The angle of elevation to the top of the building in Brisbane is found to be ${6^ \circ }$ from the ground at a distance of 1 km from the base of the building. Using this information, I need to find the height of the building to the nearest tenth of a metre. How?

Answer 1

This is a problem based on applications of trigonometry. Here the angle of elevation is given i.e. ${6^ \circ }$. The ground distance is also given. We need to find the height of the building.
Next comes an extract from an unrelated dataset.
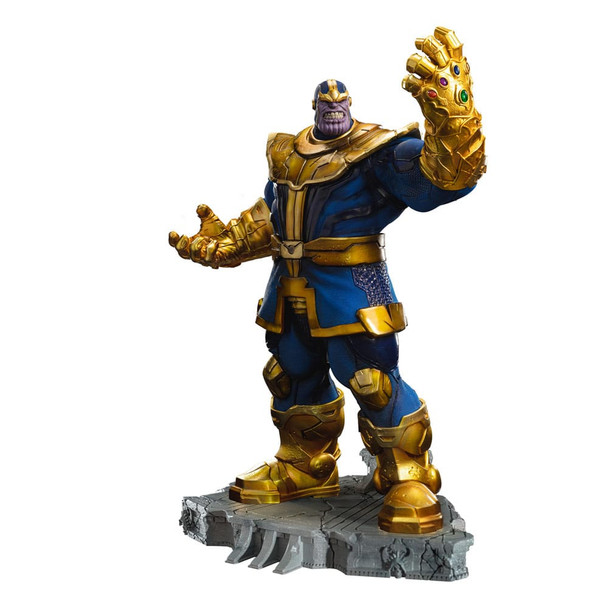 PREORDINE+ 08/2024 Marvel BDS Art Scale Statue 1/10 Thanos Infinity Gaunlet Diorama 30 cm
Here we will use the one of the trigonometric ratios formula to find the height of the building.

Complete step-by-step answer:
Now let’s find the value of ${6^ \circ }$in radian:
We know that $\pi$ radians is equal to ${180^ \circ }$
Now the value of ${1^ \circ }$ in radian $= \dfrac{\pi }{{{{180}^ \circ }}}$
So the value of ${6^ \circ }$ in radian $= \dfrac{{6\pi }}{{{{180}^ \circ }}}$
${6^ \circ } = 0.104719$radians
Now as the value of ${6^ \circ }$in radian ($0.104719$)tends to zero we know that:
$\mathop {\lim }\limits_{\theta \to 0} \tan \theta = \theta$; ($\theta$ is in radians)
$\tan {6^ \circ } = \tan \left( {0.104719} \right) = 0.104719$
In the given figure the distance from the base of the building is 1000 metres and we need to find the height of the building.

Since we have the value of $\tan {6^ \circ }$ and we know the length of the base ($1000m$)we just need to find the perpendicular (height of building).
$\tan \theta = \dfrac{{perpendicular}}{{base}}$
Now let’s substitute the values $\theta = {6^ \circ }$and base $= 1000m$
$\tan {6^ \circ } = \dfrac{{perpendicular}}{{1000m}}$
$0.104719 = \dfrac{{perpendicular}}{{1000m}}$
Perpendicular $= 0.104719 \times 1000m$
Perpendicular $= 104.719m$
Perpendicular $= 104.7m$nearest to tenth of a metre
The height is found to be 104.7 metres (nearest to tenth of a metre)

Note: Sometimes you can get some differences in the values of sine and tangent of the angle (especially in the third and fourth decimal places), but that extent of error is acceptable if the exact values are not given.